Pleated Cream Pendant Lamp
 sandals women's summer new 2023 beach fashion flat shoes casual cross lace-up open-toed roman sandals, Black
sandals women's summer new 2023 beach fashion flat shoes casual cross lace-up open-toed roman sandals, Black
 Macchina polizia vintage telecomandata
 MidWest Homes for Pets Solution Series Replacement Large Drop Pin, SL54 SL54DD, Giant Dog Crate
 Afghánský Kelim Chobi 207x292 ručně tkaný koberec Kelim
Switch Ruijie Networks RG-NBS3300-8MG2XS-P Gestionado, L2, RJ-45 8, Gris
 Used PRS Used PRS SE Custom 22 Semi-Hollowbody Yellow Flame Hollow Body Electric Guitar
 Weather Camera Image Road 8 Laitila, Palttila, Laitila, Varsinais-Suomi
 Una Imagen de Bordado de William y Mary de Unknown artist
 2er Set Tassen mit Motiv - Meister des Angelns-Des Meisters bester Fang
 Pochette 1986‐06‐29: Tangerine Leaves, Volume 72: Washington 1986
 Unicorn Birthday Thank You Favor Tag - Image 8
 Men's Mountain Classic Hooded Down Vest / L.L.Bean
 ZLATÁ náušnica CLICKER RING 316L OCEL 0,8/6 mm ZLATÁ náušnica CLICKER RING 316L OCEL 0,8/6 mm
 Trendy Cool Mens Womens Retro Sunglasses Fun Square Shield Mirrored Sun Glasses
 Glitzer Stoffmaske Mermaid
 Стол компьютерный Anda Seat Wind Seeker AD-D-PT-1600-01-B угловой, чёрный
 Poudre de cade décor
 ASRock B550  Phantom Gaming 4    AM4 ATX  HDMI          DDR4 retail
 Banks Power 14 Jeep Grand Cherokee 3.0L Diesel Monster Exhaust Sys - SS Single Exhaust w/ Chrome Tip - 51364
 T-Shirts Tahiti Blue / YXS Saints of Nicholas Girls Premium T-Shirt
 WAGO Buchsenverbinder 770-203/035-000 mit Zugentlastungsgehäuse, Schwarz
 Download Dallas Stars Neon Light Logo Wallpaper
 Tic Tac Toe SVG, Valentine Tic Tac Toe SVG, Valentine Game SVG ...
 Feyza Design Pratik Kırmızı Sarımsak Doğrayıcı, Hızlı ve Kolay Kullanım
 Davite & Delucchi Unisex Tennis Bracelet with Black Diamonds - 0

- **Exercise details**
Verbatim and in full, return the listing above.

- **Result for this task**
Pleated Cream Pendant Lamp
 sandals women's summer new 2023 beach fashion flat shoes casual cross lace-up open-toed roman sandals, Black
sandals women's summer new 2023 beach fashion flat shoes casual cross lace-up open-toed roman sandals, Black
 Macchina polizia vintage telecomandata
 MidWest Homes for Pets Solution Series Replacement Large Drop Pin, SL54 SL54DD, Giant Dog Crate
 Afghánský Kelim Chobi 207x292 ručně tkaný koberec Kelim
Switch Ruijie Networks RG-NBS3300-8MG2XS-P Gestionado, L2, RJ-45 8, Gris
 Used PRS Used PRS SE Custom 22 Semi-Hollowbody Yellow Flame Hollow Body Electric Guitar
 Weather Camera Image Road 8 Laitila, Palttila, Laitila, Varsinais-Suomi
 Una Imagen de Bordado de William y Mary de Unknown artist
 2er Set Tassen mit Motiv - Meister des Angelns-Des Meisters bester Fang
 Pochette 1986‐06‐29: Tangerine Leaves, Volume 72: Washington 1986
 Unicorn Birthday Thank You Favor Tag - Image 8
 Men's Mountain Classic Hooded Down Vest / L.L.Bean
 ZLATÁ náušnica CLICKER RING 316L OCEL 0,8/6 mm ZLATÁ náušnica CLICKER RING 316L OCEL 0,8/6 mm
 Trendy Cool Mens Womens Retro Sunglasses Fun Square Shield Mirrored Sun Glasses
 Glitzer Stoffmaske Mermaid
 Стол компьютерный Anda Seat Wind Seeker AD-D-PT-1600-01-B угловой, чёрный
 Poudre de cade décor
 ASRock B550  Phantom Gaming 4    AM4 ATX  HDMI          DDR4 retail
 Banks Power 14 Jeep Grand Cherokee 3.0L Diesel Monster Exhaust Sys - SS Single Exhaust w/ Chrome Tip - 51364
 T-Shirts Tahiti Blue / YXS Saints of Nicholas Girls Premium T-Shirt
 WAGO Buchsenverbinder 770-203/035-000 mit Zugentlastungsgehäuse, Schwarz
 Download Dallas Stars Neon Light Logo Wallpaper
 Tic Tac Toe SVG, Valentine Tic Tac Toe SVG, Valentine Game SVG ...
 Feyza Design Pratik Kırmızı Sarımsak Doğrayıcı, Hızlı ve Kolay Kullanım
 Davite & Delucchi Unisex Tennis Bracelet with Black Diamonds - 0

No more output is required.